Нет уж, чуть было не закричала я, но не тут-то было. Меня словно сплющило прессом, его тяжелое дыхание заполняло окрестности так, что меня чуть не стошнило.

– О, моя детка, – шипел он, пока я вырывалась. Вот уж только не хватало мне пьяного бытового насилия!

– Отпусти, – взвизгнула я и шарахнула его с размаху по голове тем, что попалось под единственную свободную (правую) руку. Этим чем-то оказалась бутылка из-под пива. Как она там оказалась и когда Потапов умудрился ее вылакать, я не поняла.

– А-а-а, – простонал он и откатился к стене. Не то чтобы мой слабенький замах мог его серьезно травмировать. Его-то крепкую мужскую голову! Но вот желание, так сказать, как рукой сняло. Он моментально продолжил спать.

Меня трясло, словно в ознобе. Я прилегла к Олесе, но так и не смогла заснуть. Все боялась новых чудес потенции. В общем, на работу я уходила в плачевном состоянии. Единственный выходной прошел удивительно конструктивно. Может быть, из-за этого, а может, и из-за чего-то еще, но именно в тот день я вдруг поняла, что кое-что не доделала. И пока это кое-что не сделать, ничего не изменится.

Я должна выяснить для себя кое-что важное, как бы это ни было тяжело и сложно. В жизни все непросто, так что от одного нелегкого шага хуже не станет.
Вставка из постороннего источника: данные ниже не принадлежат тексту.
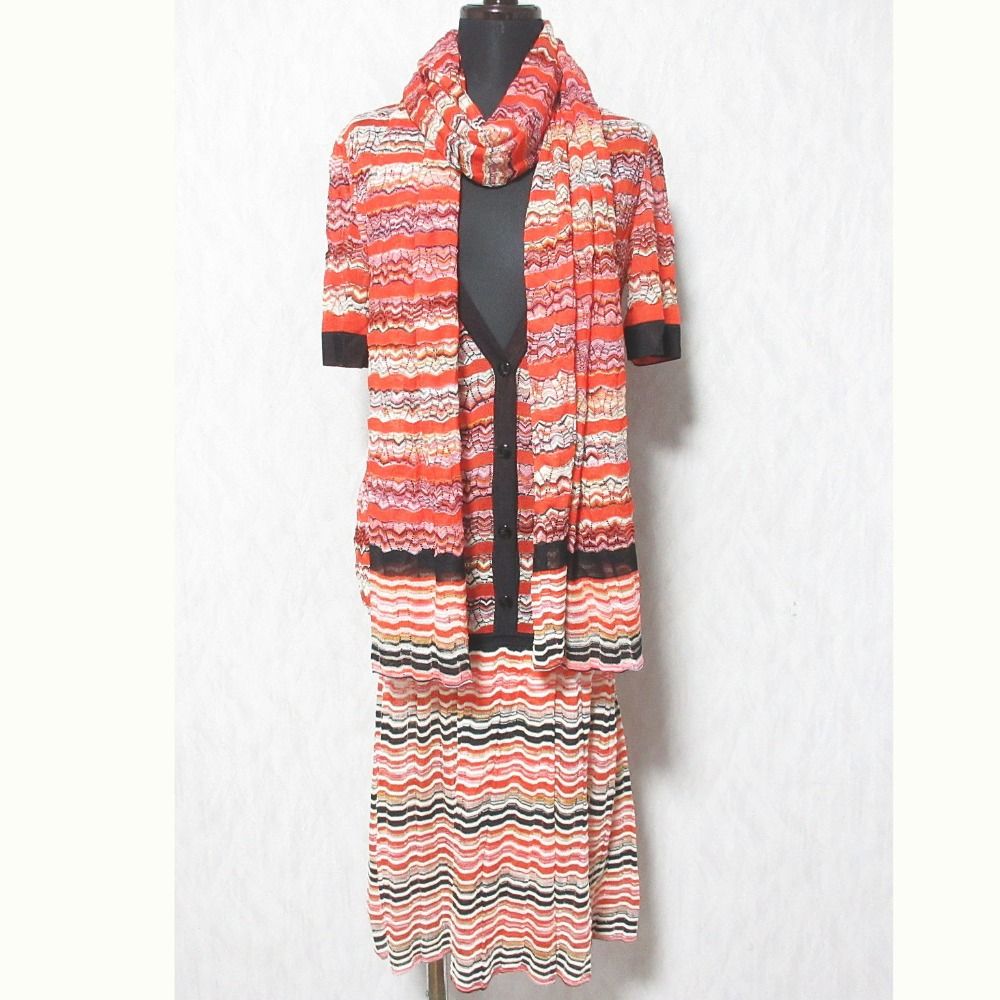 MISSONI ミッソーニ　ウール　ハイネック　ニットワンピース　オレンジタグ 美品 MISSONI ミッソーニ ストール付き Vネックニットワンピース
Весь день я металась по офису, переворачивала бумаги, проливала чашки с чаем и кофе, натыкалась на клиентов и, что хуже, на начальников. Приносила всем свои извинения и вела себя совершенно неадекватно. А в шесть часов вскочила и принялась краситься, как сумасшедшая, и приставать ко всем с вопросом:

– Как я выгляжу? У меня сегодня очень важное мероприятие.
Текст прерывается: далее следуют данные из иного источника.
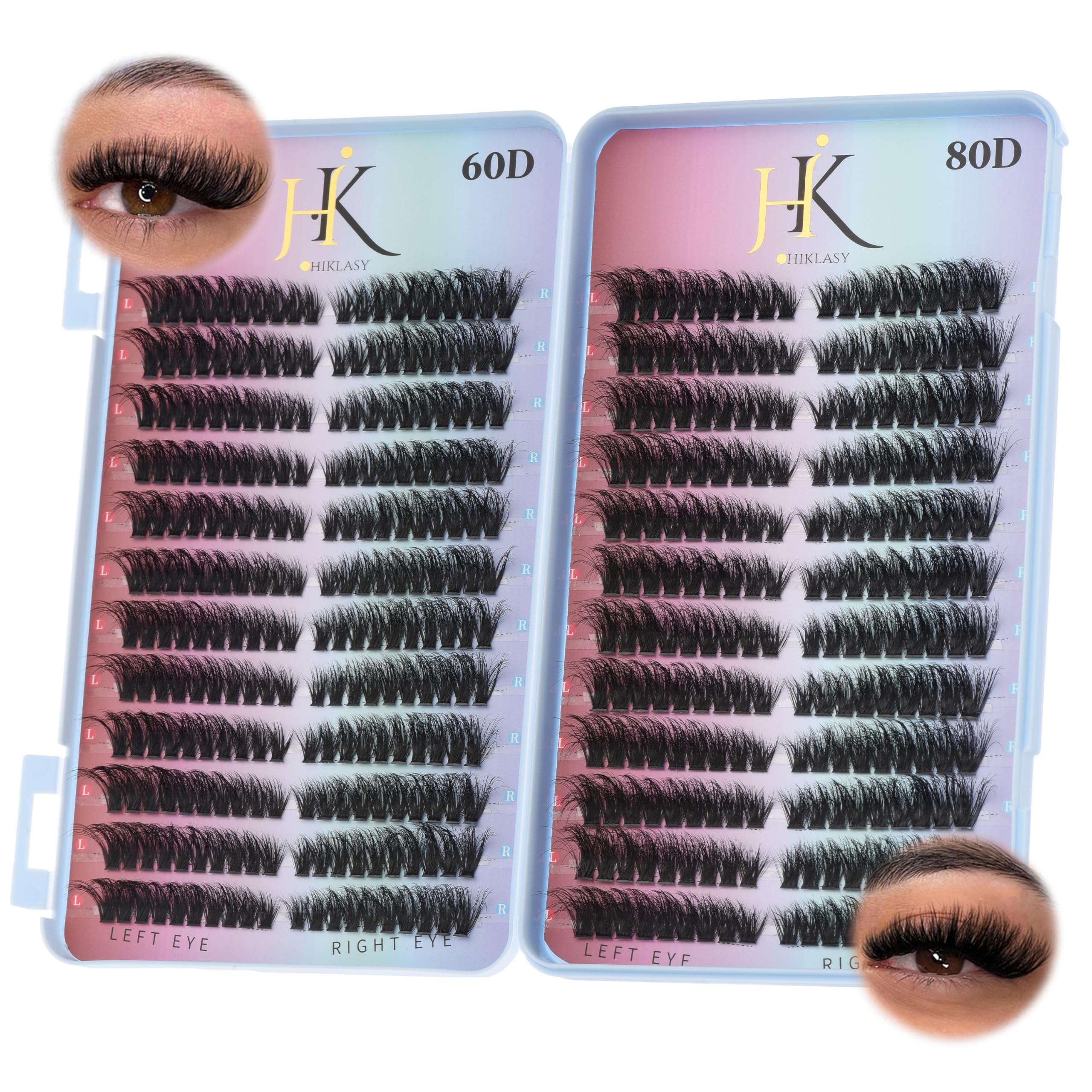 Hiklasy wispy lash clusters cat-eye set for easy DIY extensions.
После того как в пятнадцатый раз мне сообщили, что я очаровательна, если прикрыть лицо газеткой, я решила смыть все и пойти без всякой косметики. В самом деле, зачем? Перебьется. Я вовсе не собираюсь никому понравиться. Снова. Просто, как пишут в модных журналах, хочется показать, что он многое потерял... Так что буду-ка я выше.

* * *

Я собиралась к нему. Зачем? Кто бы знал. В тот момент я и сама не понимала, что мной движет. И как я могу на такое решиться. Знакомой дорогой – к родному метро. Станция, которая располагается в паутине рисованных линий следующей и на которой я за год ни разу не вышла. Речной вокзал, конечная. Поезд дальше не пойдет, просьба освободить вагоны.

«Может, не надо? Остановись! Вдруг тебе будет больно».

«Больнее уже не будет», – отвечала я себе.